Short descriptive text snippets -
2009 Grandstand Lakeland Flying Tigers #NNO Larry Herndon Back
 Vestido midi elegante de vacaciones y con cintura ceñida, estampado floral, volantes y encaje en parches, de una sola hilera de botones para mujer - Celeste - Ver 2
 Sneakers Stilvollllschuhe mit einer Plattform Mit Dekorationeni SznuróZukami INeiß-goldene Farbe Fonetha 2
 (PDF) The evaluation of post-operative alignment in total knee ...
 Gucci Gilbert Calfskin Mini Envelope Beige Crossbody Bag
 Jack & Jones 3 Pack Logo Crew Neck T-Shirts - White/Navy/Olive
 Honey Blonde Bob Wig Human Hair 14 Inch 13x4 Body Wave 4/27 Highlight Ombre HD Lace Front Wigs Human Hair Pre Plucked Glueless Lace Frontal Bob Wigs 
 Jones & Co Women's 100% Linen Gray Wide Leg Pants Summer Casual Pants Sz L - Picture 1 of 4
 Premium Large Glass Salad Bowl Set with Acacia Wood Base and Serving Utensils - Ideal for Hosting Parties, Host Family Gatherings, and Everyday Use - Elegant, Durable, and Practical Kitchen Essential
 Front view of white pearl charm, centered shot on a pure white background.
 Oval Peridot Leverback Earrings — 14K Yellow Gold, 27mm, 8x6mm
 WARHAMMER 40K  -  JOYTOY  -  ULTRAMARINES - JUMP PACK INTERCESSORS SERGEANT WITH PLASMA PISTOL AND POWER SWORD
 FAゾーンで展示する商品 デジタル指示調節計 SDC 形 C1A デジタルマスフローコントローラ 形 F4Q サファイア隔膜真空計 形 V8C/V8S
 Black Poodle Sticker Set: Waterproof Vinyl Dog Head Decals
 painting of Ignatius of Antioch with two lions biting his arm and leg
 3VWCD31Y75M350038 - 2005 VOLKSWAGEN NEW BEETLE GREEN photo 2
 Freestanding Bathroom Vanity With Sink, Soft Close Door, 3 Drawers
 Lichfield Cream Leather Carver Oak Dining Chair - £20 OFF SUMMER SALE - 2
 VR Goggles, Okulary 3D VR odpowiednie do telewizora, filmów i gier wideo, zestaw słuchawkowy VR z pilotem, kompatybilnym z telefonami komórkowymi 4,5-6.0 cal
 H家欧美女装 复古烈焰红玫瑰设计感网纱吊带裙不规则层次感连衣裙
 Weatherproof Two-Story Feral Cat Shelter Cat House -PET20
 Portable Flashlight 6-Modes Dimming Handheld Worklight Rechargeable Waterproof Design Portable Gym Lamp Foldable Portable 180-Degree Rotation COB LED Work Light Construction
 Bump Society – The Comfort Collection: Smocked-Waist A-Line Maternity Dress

EXERCISE REQUIREMENTS - Only the lines from the one with "H家欧美女装 复古烈焰红玫瑰设计感网纱吊带裙不规则层次感连衣裙" through the final line above should be repeated, each exactly as written.

RESULT FOR THIS TASK -
 H家欧美女装 复古烈焰红玫瑰设计感网纱吊带裙不规则层次感连衣裙
 Weatherproof Two-Story Feral Cat Shelter Cat House -PET20
 Portable Flashlight 6-Modes Dimming Handheld Worklight Rechargeable Waterproof Design Portable Gym Lamp Foldable Portable 180-Degree Rotation COB LED Work Light Construction
 Bump Society – The Comfort Collection: Smocked-Waist A-Line Maternity Dress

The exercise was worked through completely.